**GOAL OF THE EXERCISE**
For this exercise, return only the lines in the records below from the one holding "Working Principle of" through the one holding "受鳳凰颱風災害損失請於30日內向稅務局申請租稅減免", including both, exactly as they appear and without pictures.

**PROVIDED MATERIAL**
--*--
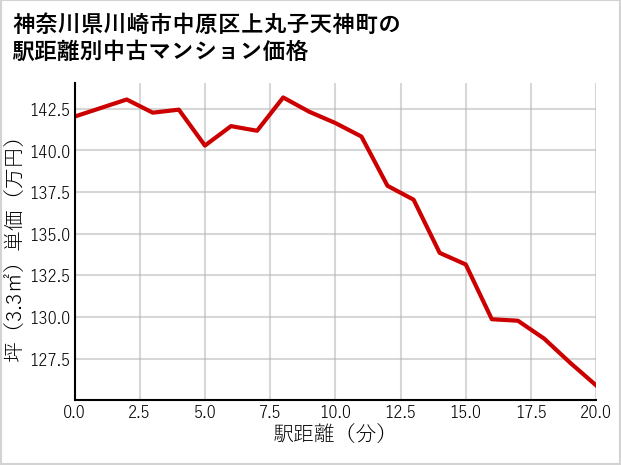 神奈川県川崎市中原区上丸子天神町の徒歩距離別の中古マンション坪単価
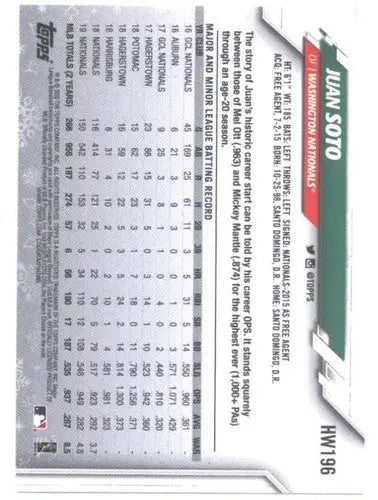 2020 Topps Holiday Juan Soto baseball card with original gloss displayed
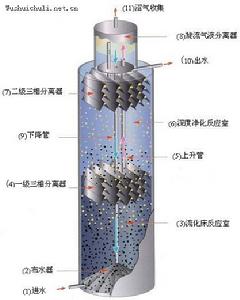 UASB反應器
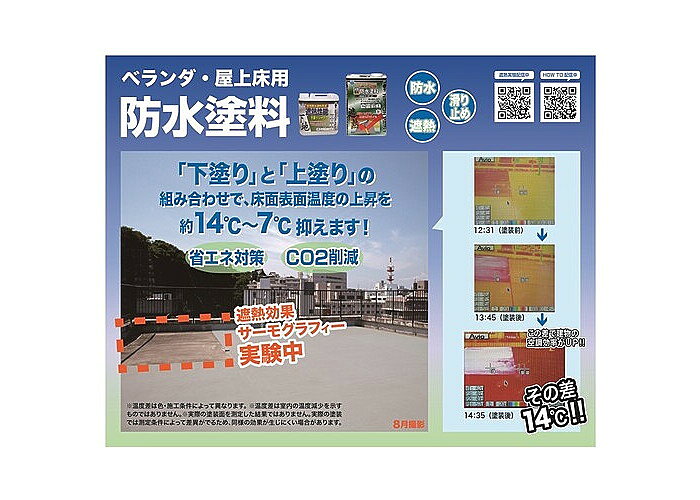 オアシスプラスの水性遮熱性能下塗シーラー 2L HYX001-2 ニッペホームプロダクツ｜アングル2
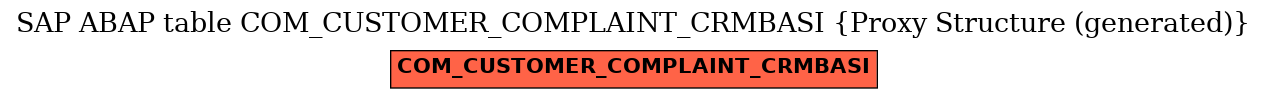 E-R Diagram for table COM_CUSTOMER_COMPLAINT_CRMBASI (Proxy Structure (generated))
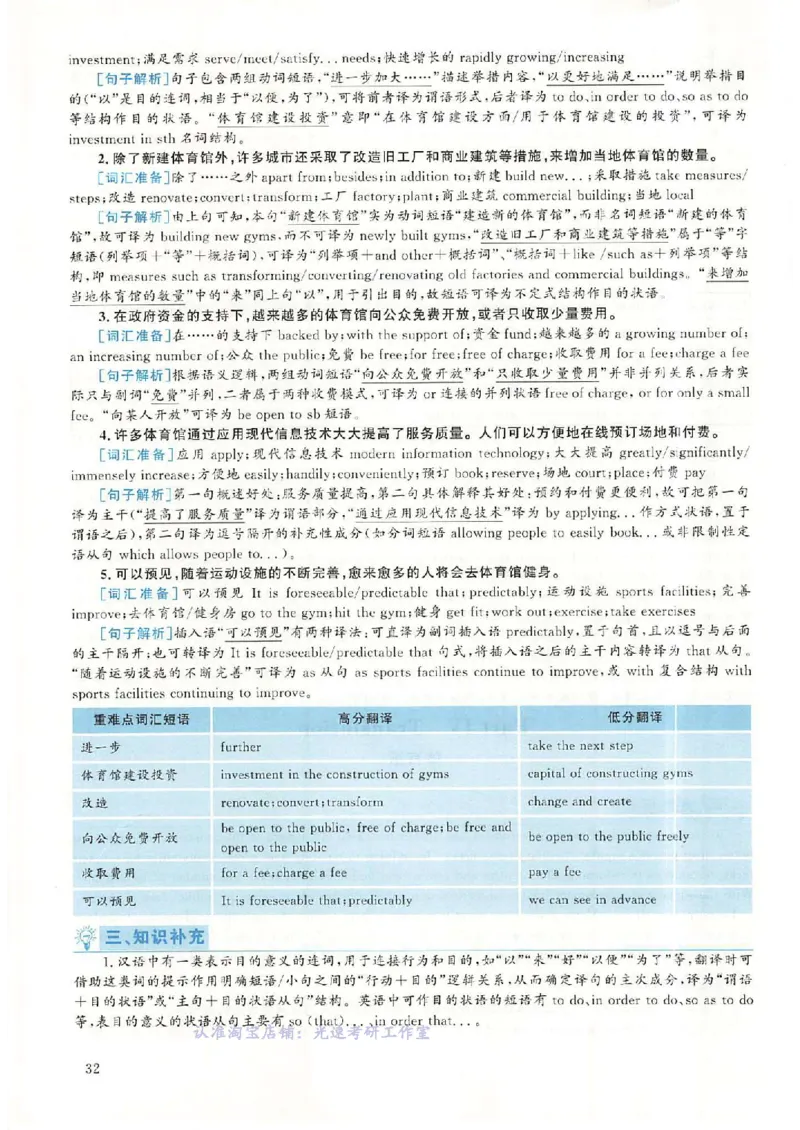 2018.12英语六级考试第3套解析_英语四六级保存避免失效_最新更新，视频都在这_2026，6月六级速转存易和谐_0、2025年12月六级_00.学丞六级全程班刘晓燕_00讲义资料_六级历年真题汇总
--*--
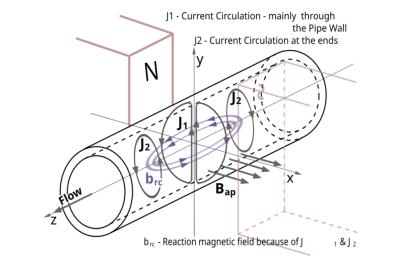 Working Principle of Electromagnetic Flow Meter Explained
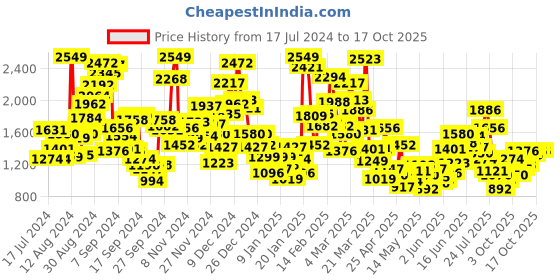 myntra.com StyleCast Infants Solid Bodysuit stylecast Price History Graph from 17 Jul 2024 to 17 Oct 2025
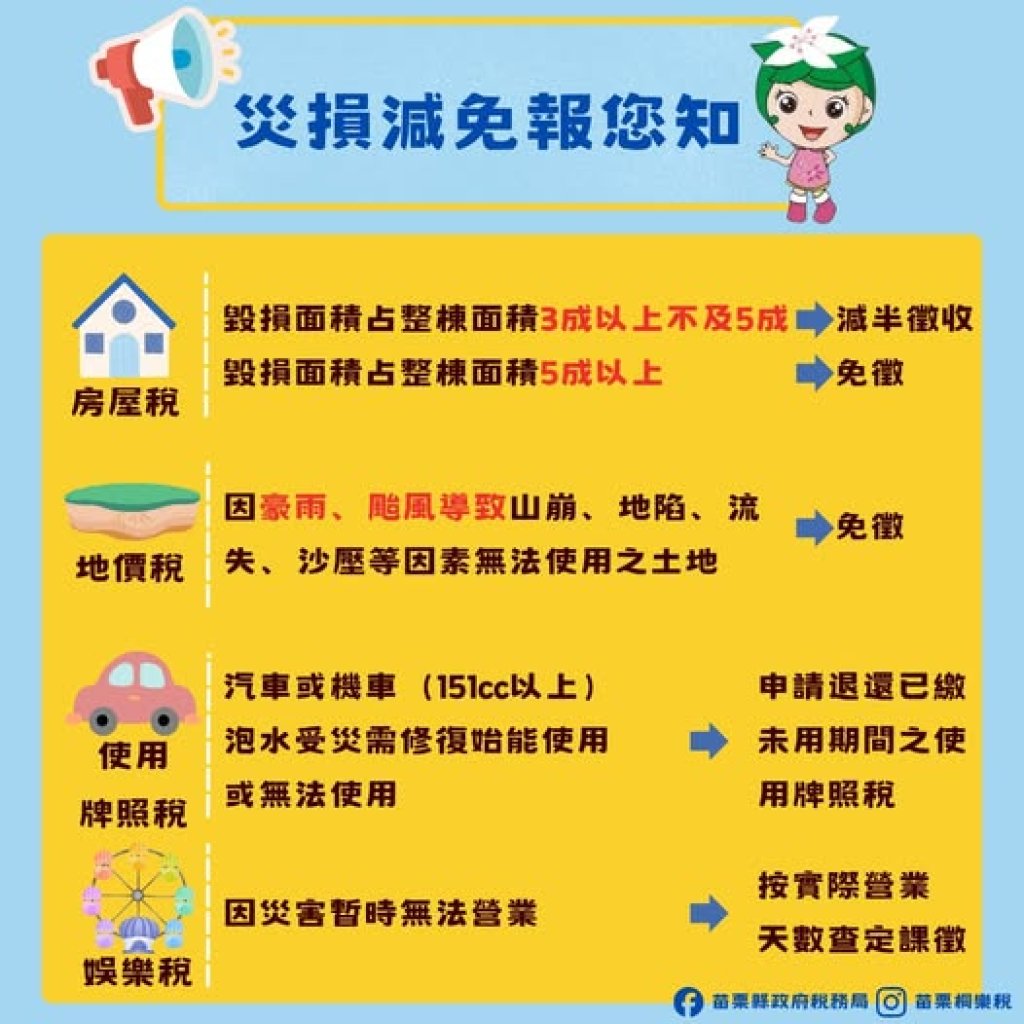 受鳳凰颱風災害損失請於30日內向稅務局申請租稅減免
--*--
**WRITTEN REPLY**
 Working Principle of Electromagnetic Flow Meter Explained
 myntra.com StyleCast Infants Solid Bodysuit stylecast Price History Graph from 17 Jul 2024 to 17 Oct 2025
 受鳳凰颱風災害損失請於30日內向稅務局申請租稅減免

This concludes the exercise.